→ **Work instruction**
For any picture in the lines below, please leave it out and copy the rest exactly.

→ **Data segment**
::::::::

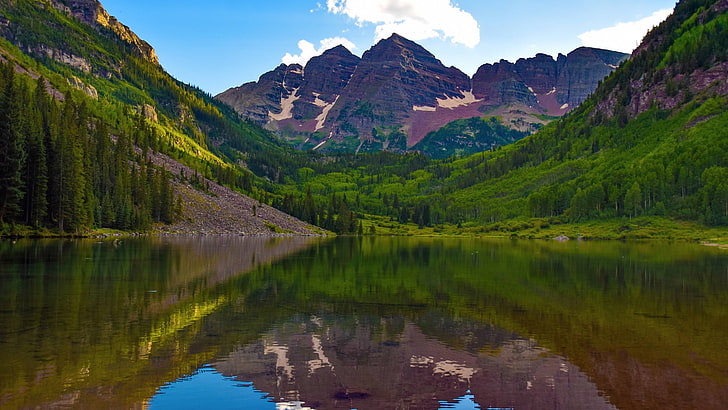 green trees, nature, maroon bells, color correction, Colorado, lake, mountains, HD wallpaper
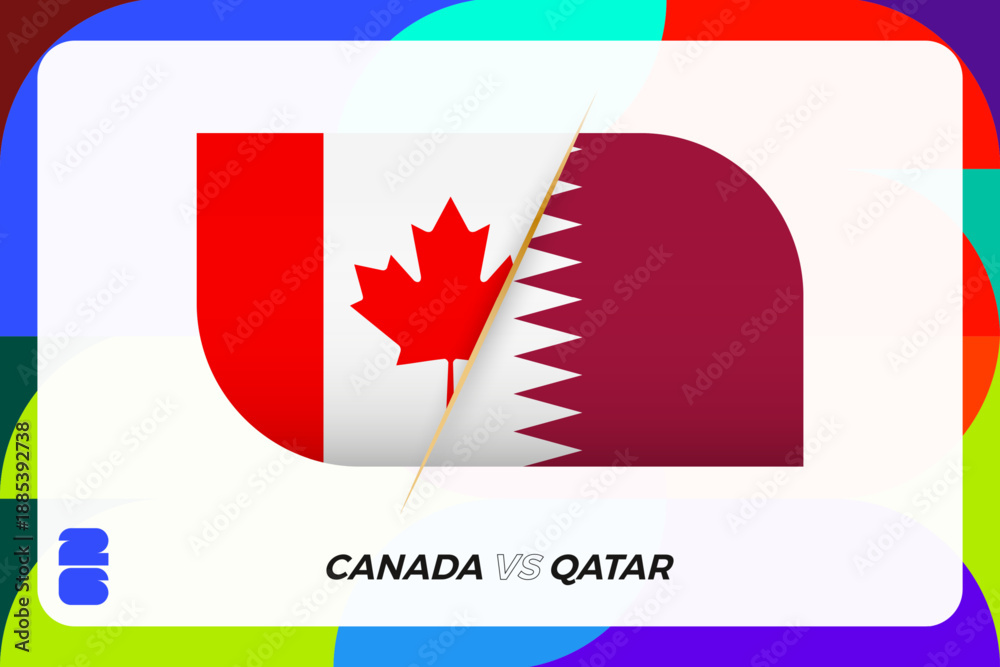 Obraz premium Canada vs Qatar International Sports Tournament Icon.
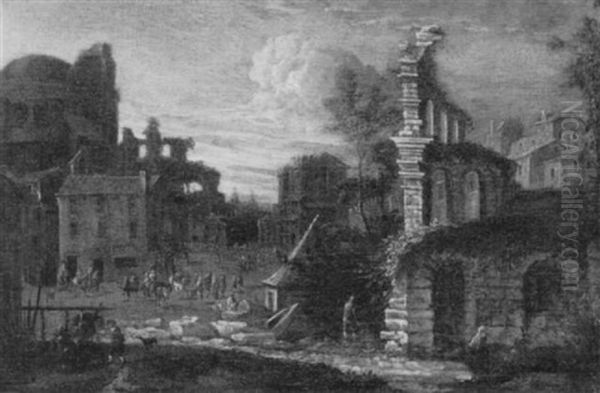 Villagers And Horsemen On A Market Square Among Classical Ruins - view 1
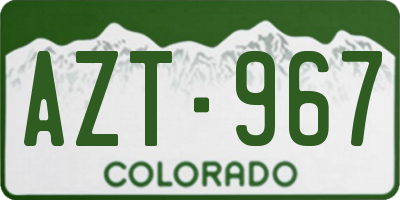 CO license plate AZT967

::::::::

→ **Exercise answer**
 green trees, nature, maroon bells, color correction, Colorado, lake, mountains, HD wallpaper
 Obraz premium Canada vs Qatar International Sports Tournament Icon.
 Villagers And Horsemen On A Market Square Among Classical Ruins - view 1
 CO license plate AZT967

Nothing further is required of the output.